Testing the correlation between bending angle and polarization properties of bent radio galaxies

TL;DR

This study investigates whether the bending angle of radio galaxies correlates with their polarization properties, finding no significant correlation and suggesting bent radio galaxies are reliable probes of intracluster magnetic fields.

Contribution

The paper provides the first systematic analysis of the relationship between jet bending and polarization properties in a sample of polarized bent radio galaxies, using VLA data.

Findings

No significant correlation between bending angle and polarization parameters.

Bent radio galaxies are reliable probes of intracluster magnetic fields.

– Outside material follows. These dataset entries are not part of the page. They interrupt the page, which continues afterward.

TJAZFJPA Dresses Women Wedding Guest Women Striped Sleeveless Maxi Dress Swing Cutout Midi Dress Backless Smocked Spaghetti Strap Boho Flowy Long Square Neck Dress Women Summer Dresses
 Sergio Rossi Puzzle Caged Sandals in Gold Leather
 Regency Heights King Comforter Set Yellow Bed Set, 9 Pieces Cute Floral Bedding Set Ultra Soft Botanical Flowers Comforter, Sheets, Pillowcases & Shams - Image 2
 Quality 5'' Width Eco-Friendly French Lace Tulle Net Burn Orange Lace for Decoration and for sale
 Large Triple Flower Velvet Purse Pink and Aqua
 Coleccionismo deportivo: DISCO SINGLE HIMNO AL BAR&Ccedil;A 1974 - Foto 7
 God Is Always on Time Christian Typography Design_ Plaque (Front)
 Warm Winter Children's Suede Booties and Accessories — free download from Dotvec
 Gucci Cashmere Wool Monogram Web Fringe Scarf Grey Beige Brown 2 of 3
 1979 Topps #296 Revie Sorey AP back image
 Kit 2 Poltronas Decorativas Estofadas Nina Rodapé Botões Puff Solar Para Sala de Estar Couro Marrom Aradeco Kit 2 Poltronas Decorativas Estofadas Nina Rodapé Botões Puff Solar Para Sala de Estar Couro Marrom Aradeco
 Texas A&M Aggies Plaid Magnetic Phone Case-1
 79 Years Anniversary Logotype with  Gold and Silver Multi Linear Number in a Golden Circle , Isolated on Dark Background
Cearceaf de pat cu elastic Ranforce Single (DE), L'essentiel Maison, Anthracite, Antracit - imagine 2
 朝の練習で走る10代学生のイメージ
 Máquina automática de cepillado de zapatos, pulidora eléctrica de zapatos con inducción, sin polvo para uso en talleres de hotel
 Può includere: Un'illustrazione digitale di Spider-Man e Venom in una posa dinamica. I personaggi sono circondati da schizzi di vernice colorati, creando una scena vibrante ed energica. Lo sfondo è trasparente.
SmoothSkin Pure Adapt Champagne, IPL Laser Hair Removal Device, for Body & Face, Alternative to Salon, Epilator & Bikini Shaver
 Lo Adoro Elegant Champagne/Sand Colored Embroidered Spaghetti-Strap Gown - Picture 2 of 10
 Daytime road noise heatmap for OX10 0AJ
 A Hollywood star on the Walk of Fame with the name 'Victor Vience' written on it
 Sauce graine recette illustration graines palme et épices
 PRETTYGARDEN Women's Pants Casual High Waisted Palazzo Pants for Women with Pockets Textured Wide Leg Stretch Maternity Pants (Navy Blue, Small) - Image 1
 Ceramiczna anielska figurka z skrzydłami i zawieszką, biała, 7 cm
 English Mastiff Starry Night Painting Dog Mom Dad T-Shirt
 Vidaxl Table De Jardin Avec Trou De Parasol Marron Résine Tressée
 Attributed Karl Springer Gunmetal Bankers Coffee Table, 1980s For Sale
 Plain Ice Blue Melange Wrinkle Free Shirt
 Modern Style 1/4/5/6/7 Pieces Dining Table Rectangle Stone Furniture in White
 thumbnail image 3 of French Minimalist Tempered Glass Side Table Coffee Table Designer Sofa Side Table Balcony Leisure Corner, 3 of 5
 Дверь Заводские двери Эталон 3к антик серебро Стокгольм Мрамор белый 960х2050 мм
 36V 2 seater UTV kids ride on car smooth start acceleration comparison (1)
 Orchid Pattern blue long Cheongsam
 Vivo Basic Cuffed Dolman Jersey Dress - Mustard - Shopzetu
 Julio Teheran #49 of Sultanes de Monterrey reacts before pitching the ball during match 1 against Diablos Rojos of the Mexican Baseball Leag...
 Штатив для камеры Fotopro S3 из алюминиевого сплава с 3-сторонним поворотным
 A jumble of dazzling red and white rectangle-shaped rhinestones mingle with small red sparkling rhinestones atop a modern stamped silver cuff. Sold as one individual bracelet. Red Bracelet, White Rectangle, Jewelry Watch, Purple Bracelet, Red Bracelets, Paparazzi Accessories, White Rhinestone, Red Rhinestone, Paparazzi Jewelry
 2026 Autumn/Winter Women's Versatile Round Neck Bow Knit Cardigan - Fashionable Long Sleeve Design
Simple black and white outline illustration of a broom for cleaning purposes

Future surveys will enable more statistically powerful tests.

Abstract

The bending of radio galaxies in galaxy clusters is expected to be caused by interactions with the local environment. The physical processes responsible for jet bending, and their influence on the polarization properties of radio galaxies, remain poorly understood, leading to the question of whether jet properties in bent radio galaxies differ from those in linear radio galaxies. Using a sample of 24 polarized bent radio galaxies, observed with the Karl G. Jansky Very Large Array at 1--2 GHz, we test for correlation of bending angle with polarization parameters measuring Faraday rotation, intrinsic fractional polarization, and Faraday rotation dispersion, used here as a measure of turbulence along the line of sight. We find no statistically significant correlations. At the spatial resolution of our dataset (3--46 kpc, median 18.4 kpc), our results indicate that we are primarily probing larger-scale intracluster medium effects not related to bending angle. The absence of a statistically significant correlation suggests that bent radio galaxies are reliable probes of intracluster magnetic fields, because their intrinsic properties do not appear to introduce systematic biases into measured polarization parameters. We do detect a preference for source magnetic field vectors to align with the direction of jet bending. Finally, we estimate that the POSSUM and SKA surveys will contain $\gtrsim$300 and $\gtrsim$1000 polarized radio galaxies, respectively, providing large future samples with a range of bending angles and similar redshift distribution and number of beams per source as in our sample, enabling our results to be tested with greater statistical power.